The film had an operating budget of £12 million.

==Release==
The Invisible Woman premiered at the Telluride Film Festival on 31 August 2013. The first trailer was launched on 4 October 2013. The film had a limited release in the United States on 25 December 2013 and opened in the United Kingdom on 7 February 2014.

==Reception==
===Box office===
The Invisible Woman earned £1,026,591.43 ($1,373,682) at the Box Office in the United Kingdom and $1,229,853 in the United States. The total worldwide gross was £2,380,130.78 ($3,184,853).

===Critical response===
Review aggregator Rotten Tomatoes calculated a 75% approval rating, with an average score of 6.73/10, based on 158 reviews. The website's critical consensus reads, "Its deliberate pace will frustrate some viewers, but for fans of handsomely mounted period drama, The Invisible Woman offers visual as well as emotional cinematic nourishment." On review aggregator Metacritic, the film holds a weighted average score of 75/100, based on 41 reviews from mainstream critics, indicating "generally favorable reviews".

In his review on RogerEbert.com, Godfrey Cheshire gave the film three and a half out of four stars, calling it "a formidable achievement for Fiennes as both actor and director". Cheshire wrote that the story is told with "extraordinary delicacy and cinematic intelligence" and with a "finely calibrated poetic obliqueness that draws the viewer into the relationship's gradual unfolding". Cheshire continued:

In Fiennes' handling, very little is stated in a straightforward or obvious way. It's almost as if he took Abi Morgan's screenplay ... and stripped away its most utilitarian dialogue, leaving only hints and suggestions of emotions that then must be fleshed out by the actors. The method ... makes for a narrative that's constantly evocative, mysterious, almost impressionistic, and that involves the viewer in the pleasurably engrossing game of puzzling out the characters' aim and motives.
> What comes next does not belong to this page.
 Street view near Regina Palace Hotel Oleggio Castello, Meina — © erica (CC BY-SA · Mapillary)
Cheshire also praised the performances of the leading actors, including Fiennes who "creates an exuberant portrait of Dickens that encompasses his vanity and selfishness as well as his bounteousness and thirst for life", Jones who is "luminous" and "conveys the young woman's mix of awe, intoxication and anxiety as she is drawn inexorably into the orbit of a powerful older man", and Scanlan who shows Catherine Dickens' "dignity and grace in heart-rending circumstances". Cheshire concluded:

The Invisible Woman is one of those evanescent conjurings of a bygone time in which every part serves the whole. The most entrancing and persuasive evocation of Victorian England offered in any recent film, it reflects superb work on the parts of many contributors.
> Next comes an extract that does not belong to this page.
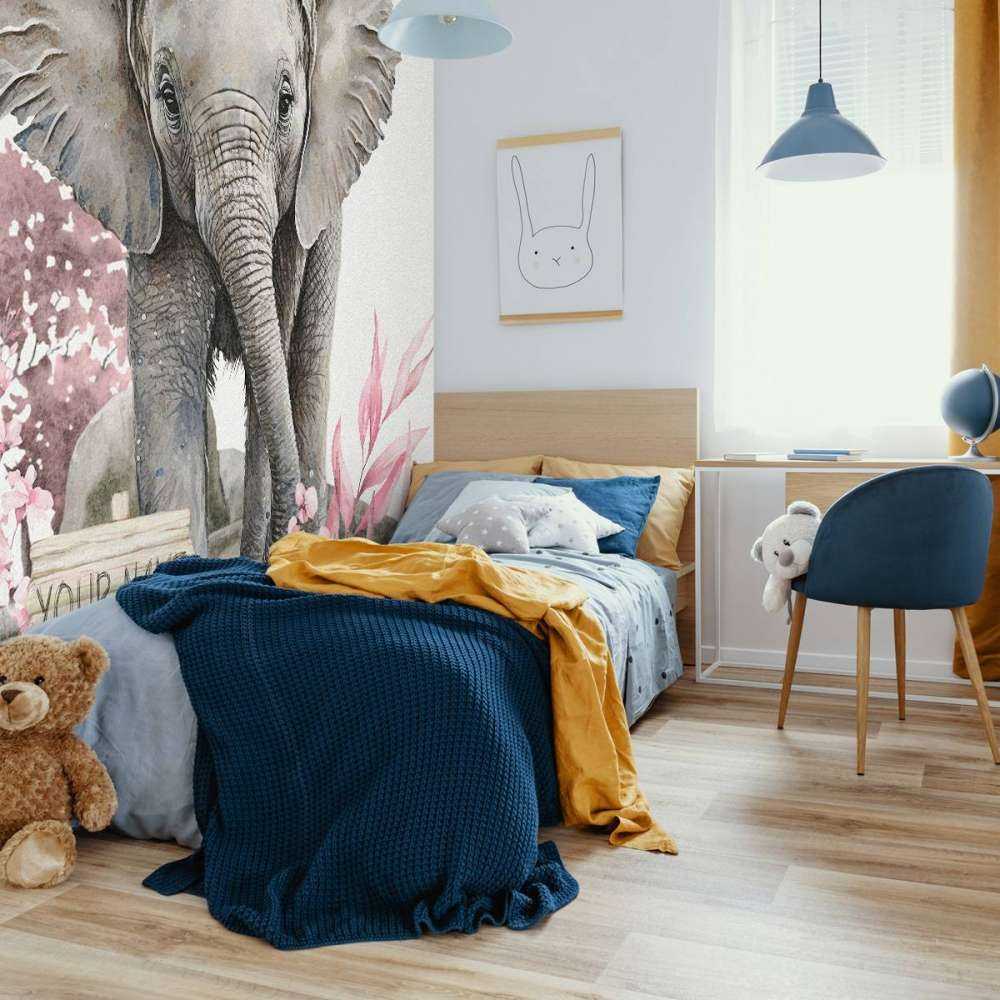 Olifantje in de jungle roze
In his review for The Guardian, Peter Bradshaw gave the film four out of five stars, calling the film "piercingly intimate and intelligent" and praises Fiennes for his "strength as a director" and for his "richly sanguine" portrayal of Charles Dickens. Bradshaw also praises Scanlan for her "shrewd and sensitive performance as Dickens's neglected wife". Bradshaw concluded, "This is an engrossing drama, with excellent performances and tremendous design by Maria Djurkovic."

In his review for The Telegraph, Tim Robey gave the film four out of five stars. Robey focused on the acting performances, especially Scanlan who "gives arguably the standout performance in this generally smashing cast ... in two perfectly weighted, emotionally crushing scenes".

In his review in the New York Observer, Rex Reed called the film "a cogently written and elegantly appointed period piece that relates passages in his books to emotions in his personal life, holding the attention and shedding light on one of literature’s most fascinating footnotes".